Nativo dell’Oklahoma, Russell iniziò a muovere i primi passi come membro degli Starlighters (in cui militava anche un giovanissimo J.J. Cale) e poi come sessionman per conto terzi negli anni cinquanta, fino ad arrivare a Los Angeles nei sessanta e ad entrare a far parte di quell’enorme ensemble di musicisti di studio conosciuto come The Wrecking Crew, arrivando ad incidere anche con Phil Spector, i Byrds (suonava su Mr. Tambourine Man), i Beach Boys, perfino Frank Sinatra e molti altri. Il suo esordio discografico si ebbe nel 1968 con Inside The Asylum Choir, inciso insieme al musicista texano Marc Benno, ma in quegli stessi anni iniziò a frequentare il giro di Eric Clapton (suonando anche sul debutto solista omonimo di Manolenta e scrivendo con lui la classica Blues Power) e di Delaney & Bonnie, partecipando ai loro primi album ed accompagnandoli anche in tour. Fu poi il direttore musicale di quell’allegro e splendido carrozzone che fu Mad Dogs & Englishmen, forse la prova più convincente della carriera di Joe Cocker, e nel 1971 fu chiamato da George Harrison, suo grande estimatore, per suonare il piano nella house band del famoso Concert For Bangladesh (durante il quale ebbe anche un eccellente momento come solista, con un medley fra Young Blood dei Coasters e Jumpin’ Jack Flash degli Stones).

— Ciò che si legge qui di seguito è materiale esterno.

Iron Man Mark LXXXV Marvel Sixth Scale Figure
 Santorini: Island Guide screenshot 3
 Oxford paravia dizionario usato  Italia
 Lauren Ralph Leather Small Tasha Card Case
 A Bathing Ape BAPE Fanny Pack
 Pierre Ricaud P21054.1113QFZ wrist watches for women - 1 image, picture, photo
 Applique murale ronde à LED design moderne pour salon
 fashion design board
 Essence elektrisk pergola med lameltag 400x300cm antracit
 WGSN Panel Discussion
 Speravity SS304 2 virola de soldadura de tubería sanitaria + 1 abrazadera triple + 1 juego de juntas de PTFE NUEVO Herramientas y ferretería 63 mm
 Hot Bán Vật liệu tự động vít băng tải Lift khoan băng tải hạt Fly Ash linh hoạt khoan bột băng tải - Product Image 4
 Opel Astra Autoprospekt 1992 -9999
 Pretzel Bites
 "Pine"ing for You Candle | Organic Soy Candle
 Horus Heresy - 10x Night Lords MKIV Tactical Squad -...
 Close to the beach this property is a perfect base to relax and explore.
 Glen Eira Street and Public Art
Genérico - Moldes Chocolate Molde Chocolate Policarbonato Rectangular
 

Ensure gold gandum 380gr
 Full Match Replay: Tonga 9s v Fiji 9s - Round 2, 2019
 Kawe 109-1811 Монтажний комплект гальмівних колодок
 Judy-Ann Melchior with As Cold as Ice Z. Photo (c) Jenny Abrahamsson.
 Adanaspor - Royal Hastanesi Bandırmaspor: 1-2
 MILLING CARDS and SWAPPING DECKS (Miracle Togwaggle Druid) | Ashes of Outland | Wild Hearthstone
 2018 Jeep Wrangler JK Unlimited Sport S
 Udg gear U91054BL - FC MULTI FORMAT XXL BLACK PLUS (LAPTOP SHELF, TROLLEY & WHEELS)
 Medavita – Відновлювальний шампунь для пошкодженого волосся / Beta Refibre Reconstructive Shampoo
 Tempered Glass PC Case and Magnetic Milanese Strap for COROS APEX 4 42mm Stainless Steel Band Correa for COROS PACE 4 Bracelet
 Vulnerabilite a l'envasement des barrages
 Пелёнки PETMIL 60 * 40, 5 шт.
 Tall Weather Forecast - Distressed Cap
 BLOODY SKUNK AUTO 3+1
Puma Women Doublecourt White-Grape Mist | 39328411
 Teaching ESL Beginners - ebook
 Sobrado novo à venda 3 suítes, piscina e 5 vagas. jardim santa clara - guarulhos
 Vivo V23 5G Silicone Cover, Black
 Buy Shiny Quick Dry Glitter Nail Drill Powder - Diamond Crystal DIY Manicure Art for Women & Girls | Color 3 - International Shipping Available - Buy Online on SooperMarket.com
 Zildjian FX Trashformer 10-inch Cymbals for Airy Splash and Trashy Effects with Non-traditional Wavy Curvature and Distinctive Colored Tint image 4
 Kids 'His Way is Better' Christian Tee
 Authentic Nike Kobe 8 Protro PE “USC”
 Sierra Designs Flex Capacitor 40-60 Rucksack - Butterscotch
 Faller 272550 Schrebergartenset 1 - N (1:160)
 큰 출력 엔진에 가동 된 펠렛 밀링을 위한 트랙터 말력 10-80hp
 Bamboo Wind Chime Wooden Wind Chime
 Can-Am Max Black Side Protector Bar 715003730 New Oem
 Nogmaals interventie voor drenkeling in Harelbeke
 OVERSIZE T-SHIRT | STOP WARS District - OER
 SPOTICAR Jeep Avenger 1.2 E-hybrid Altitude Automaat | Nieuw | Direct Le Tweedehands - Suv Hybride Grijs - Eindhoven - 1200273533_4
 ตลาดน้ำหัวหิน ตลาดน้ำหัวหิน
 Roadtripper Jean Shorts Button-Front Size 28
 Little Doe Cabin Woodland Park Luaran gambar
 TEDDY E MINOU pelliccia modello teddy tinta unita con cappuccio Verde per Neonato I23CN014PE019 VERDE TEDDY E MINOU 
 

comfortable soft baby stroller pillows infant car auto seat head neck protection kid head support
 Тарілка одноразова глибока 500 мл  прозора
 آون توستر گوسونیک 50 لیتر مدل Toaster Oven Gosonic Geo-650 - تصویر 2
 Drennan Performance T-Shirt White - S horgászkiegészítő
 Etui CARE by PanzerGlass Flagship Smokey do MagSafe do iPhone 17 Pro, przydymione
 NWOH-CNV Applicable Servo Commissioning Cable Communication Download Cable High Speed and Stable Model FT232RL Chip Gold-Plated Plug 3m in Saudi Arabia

Nel 1969 aveva anche contribuito a fondare la Shelter Records, etichetta in seguito fallita, ma che negli anni pubblicò, oltre ai suoi lavori, anche album di J.J. Cale, Don Nix, Phoebe Snow, Freddie King, oltre a far esordire Tom Petty & The Heartbreakers. Ovviamente Leon in quegli anni (ed anche in seguito), portava avanti anche la sua carriera solistica, che però era piuttosto avara di soddisfazioni (le sue canzoni più note, Delta Lady e A Song For You, ebbero più successo in versioni di altri, la prima con Joe Cocker e la seconda con una moltitudine di artisti, dei quali il maggior successo lo ebbero i Carpenters, ma la incise anche una leggenda come Ray Charles), ed anche i suoi album, inappuntabili dal punto di vista musicale, non vendettero mai molto (con l’eccezione del bellissimo Carney del 1972, che salì fino al secondo posto, ed il seguente Leon Live, al nono), facendo di lui uno degli artisti di culto per antonomasia della storia del rock, ma sempre richiestissimo come musicista per conto terzi; nel 1979 il suo ultimo successo per decenni, con l’album One More For The Road condiviso con Willie Nelson.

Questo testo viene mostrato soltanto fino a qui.